• [Try it]: A verbatim copy of the lines starting at the one with "OST '봄이 온다면'" and ending at the last line below is required; include nothing else.

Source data
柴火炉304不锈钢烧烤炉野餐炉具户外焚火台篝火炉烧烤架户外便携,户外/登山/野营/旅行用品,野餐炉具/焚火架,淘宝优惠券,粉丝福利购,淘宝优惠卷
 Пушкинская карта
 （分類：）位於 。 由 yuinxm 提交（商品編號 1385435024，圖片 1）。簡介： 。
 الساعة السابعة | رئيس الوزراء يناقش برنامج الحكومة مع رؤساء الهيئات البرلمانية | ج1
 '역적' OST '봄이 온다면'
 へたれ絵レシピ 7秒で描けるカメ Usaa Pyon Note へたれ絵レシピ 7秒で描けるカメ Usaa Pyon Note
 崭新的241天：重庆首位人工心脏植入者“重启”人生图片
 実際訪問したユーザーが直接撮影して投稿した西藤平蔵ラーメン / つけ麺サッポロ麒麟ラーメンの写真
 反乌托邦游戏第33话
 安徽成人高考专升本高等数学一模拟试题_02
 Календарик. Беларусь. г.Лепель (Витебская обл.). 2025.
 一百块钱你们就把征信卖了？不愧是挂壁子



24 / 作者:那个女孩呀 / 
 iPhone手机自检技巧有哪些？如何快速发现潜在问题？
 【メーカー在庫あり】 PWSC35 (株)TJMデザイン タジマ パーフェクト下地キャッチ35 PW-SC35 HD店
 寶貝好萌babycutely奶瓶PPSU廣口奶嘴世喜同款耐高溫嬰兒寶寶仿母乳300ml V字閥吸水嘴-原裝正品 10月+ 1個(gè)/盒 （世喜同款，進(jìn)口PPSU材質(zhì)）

• [Output below]:
 '역적' OST '봄이 온다면'
 へたれ絵レシピ 7秒で描けるカメ Usaa Pyon Note へたれ絵レシピ 7秒で描けるカメ Usaa Pyon Note
 崭新的241天：重庆首位人工心脏植入者“重启”人生图片
 実際訪問したユーザーが直接撮影して投稿した西藤平蔵ラーメン / つけ麺サッポロ麒麟ラーメンの写真
 反乌托邦游戏第33话
 安徽成人高考专升本高等数学一模拟试题_02
 Календарик. Беларусь. г.Лепель (Витебская обл.). 2025.
 一百块钱你们就把征信卖了？不愧是挂壁子



24 / 作者:那个女孩呀 / 
 iPhone手机自检技巧有哪些？如何快速发现潜在问题？
 【メーカー在庫あり】 PWSC35 (株)TJMデザイン タジマ パーフェクト下地キャッチ35 PW-SC35 HD店
 寶貝好萌babycutely奶瓶PPSU廣口奶嘴世喜同款耐高溫嬰兒寶寶仿母乳300ml V字閥吸水嘴-原裝正品 10月+ 1個(gè)/盒 （世喜同款，進(jìn)口PPSU材質(zhì)）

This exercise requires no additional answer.